He sido un periodista becario muchas veces en mi vida -en ABC, en EFE, en SINC, en Comunicación de la Facultad de Veterinaria de Texas A&M- pero sólo aquella vez fui aprendiz de periodista. Como aprendiz aprendí realmente a practicar el oficio, en su estado más puro. Como becario aprendí a comportarme como un periodista, cómo se organizaba la gente en una redacción, cómo se llamaba por teléfono para pedir una entrevista, cómo se usaban esos programas de maquetación… cosas útiles, qué duda cabe, para el trabajo que desempeñaba. Pero más relacionadas con la piel que con el tuétano.

Por ejemplo. Una vez, como becario de Cultura en ABC, año 2006, me mandaron a la Feria del Libro a hacer una «crónica de ambiente». Fui al Parque del Retiro y regresé a las 4 horas con muchas descripciones de gente haciendo cola, testimonios de lectores sobre el calor pero apenas un par de conversaciones con escritores. ¡Inaceptable! Encima una de ellas era Almudena Grandes. ¡Doblemente inaceptable! Yo estaba avergonzado, debí haber preguntado antes de ir. ¿Pero qué ocurrió entonces? Los compañeros de la sección, benditos sean, empezaron a mirar sus agendas y me pasaron el móvil de dos o tres escritores que habían estado firmando ese día, incluido Mingote. Los llamé por teléfono, me atendieron encantados, y media hora después tenía la crónica impecable que ellos querían.

En definitiva, un becario siempre tiene esa red de seguridad. En un gran medio, las propuestas de temas o peticiones de entrevista llegan solas a la bandeja de entrada, hay un redactor jefe que le manda misiones adecuadas a su talento o a su inexperiencia, hay alguien que le aconseja, que le edita, que le perdona. O que le echa una bronca, pero luego le resuelve la papeleta.

La curva de aprendizaje del becario es irrealmente suave.

Cuando hacía crónicas de regional preferente no tenía nada de eso. Daba igual que tuviera 20 años y fuera estudiante, cuando el redactor te llamaba tenías que tener una crónica para cantarle, no había otra opción. Tenías que buscarte la vida, aprender a gestionar tus frustraciones, tejer tus redes, saber que no importaba nada que te pagaran poco o que hiciera frío o que tuvieras resaca o que fuera tu cumpleaños. Nadie me preguntó si sería capaz de hacerlo la primera vez, eso se daba por supuesto.

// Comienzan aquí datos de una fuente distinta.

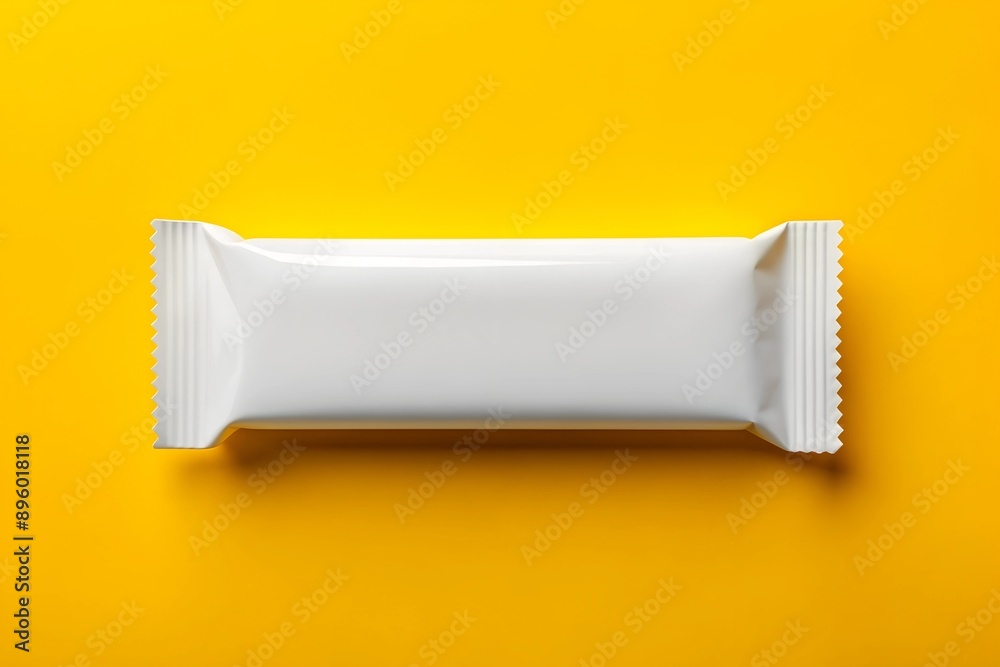 Top view of white bar snack packaging template design on yellow background (2) Top view of white bar snack packaging template design on yellow background (2)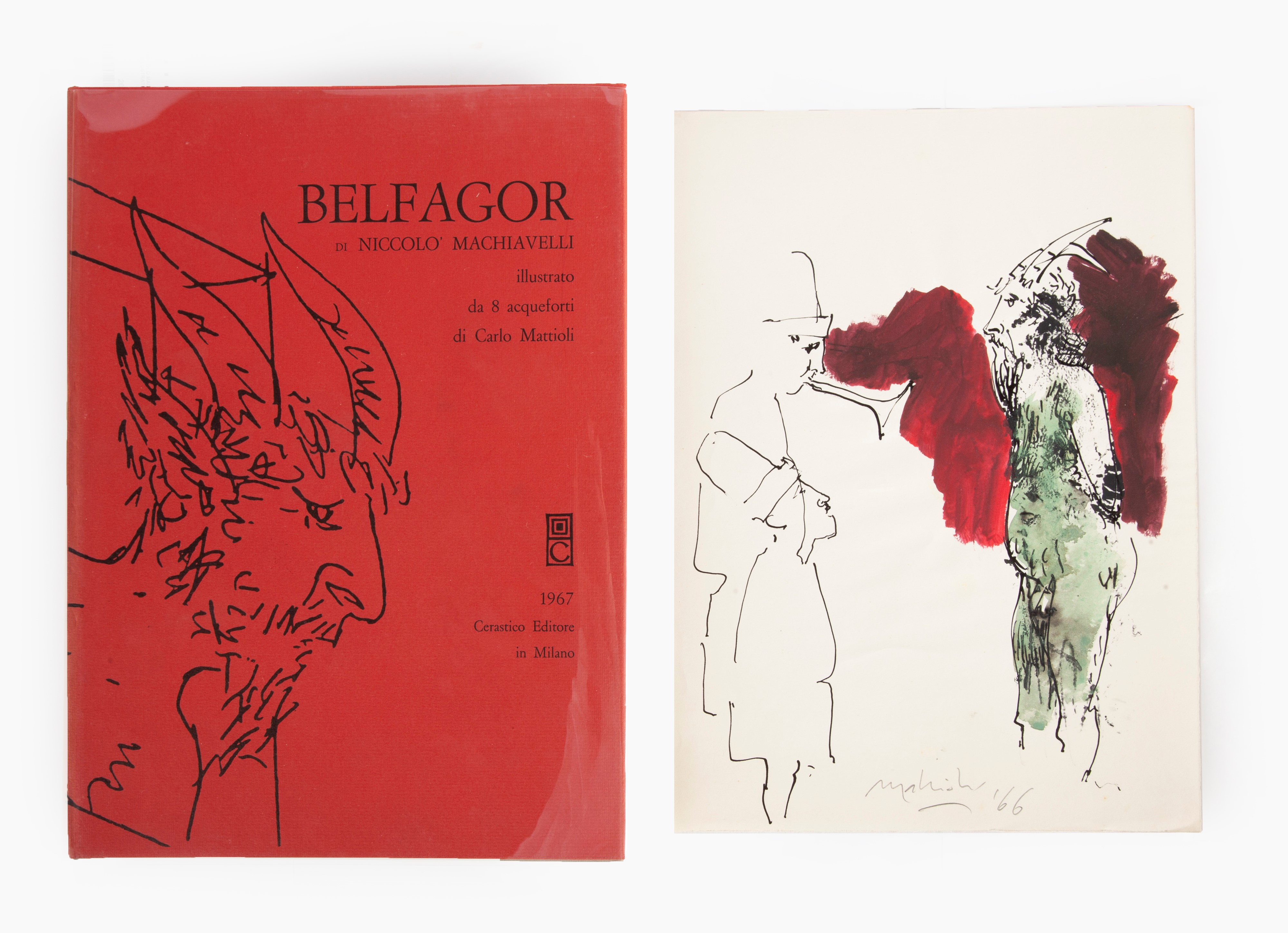 Belfagor. Novella Piacevolissima di Niccolò Macchiavelli. Illustrato da un Acquerello ed 8 Acquef...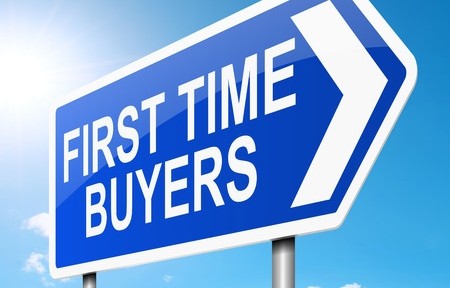 28391727 - illustration depicting a sign with a first time buyers concept.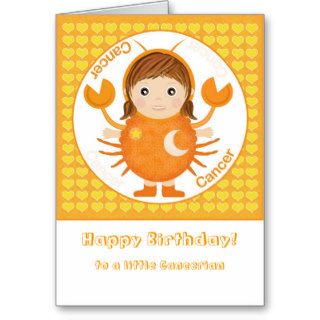 Cancerian Girl   Happy Birthday Greeting Card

Todo esto no es, como quizá estén esperando, un alegato en contra de los sistemas de becarios. He aprendido mucho siendo becario, y conservo buenos amigos que antes eran mis jefes-instructores.

Todo esto es una reflexión sobre lo difícil que es adquirir ciertas habilidades, esenciales para el periodista pero refractarias a ser encorsetadas en un método académico. El olfato, la gestión de una crisis en medio de la nada, qué dar y qué esperar de un compañero, cómo detectar historias o llegar hasta personajes que están fuera del sistema mediático, que no tienen un correo electrónico o un gabinete de prensa pero tienen relatos fantásticos que nunca han contado a un periodista, como éste, éste o éste.

Ojo, si las llegué a publicar fue gracias a las habilidades, recursos y contactos que obtuve como becario. Pero si las encontré y las escribí fue, en buena medida, gracias al aprendizaje de aquel año en que hice crónicas a la intemperie.

Al final, son las historias que tienen más posibilidades de nunca jamás haber sido escritas.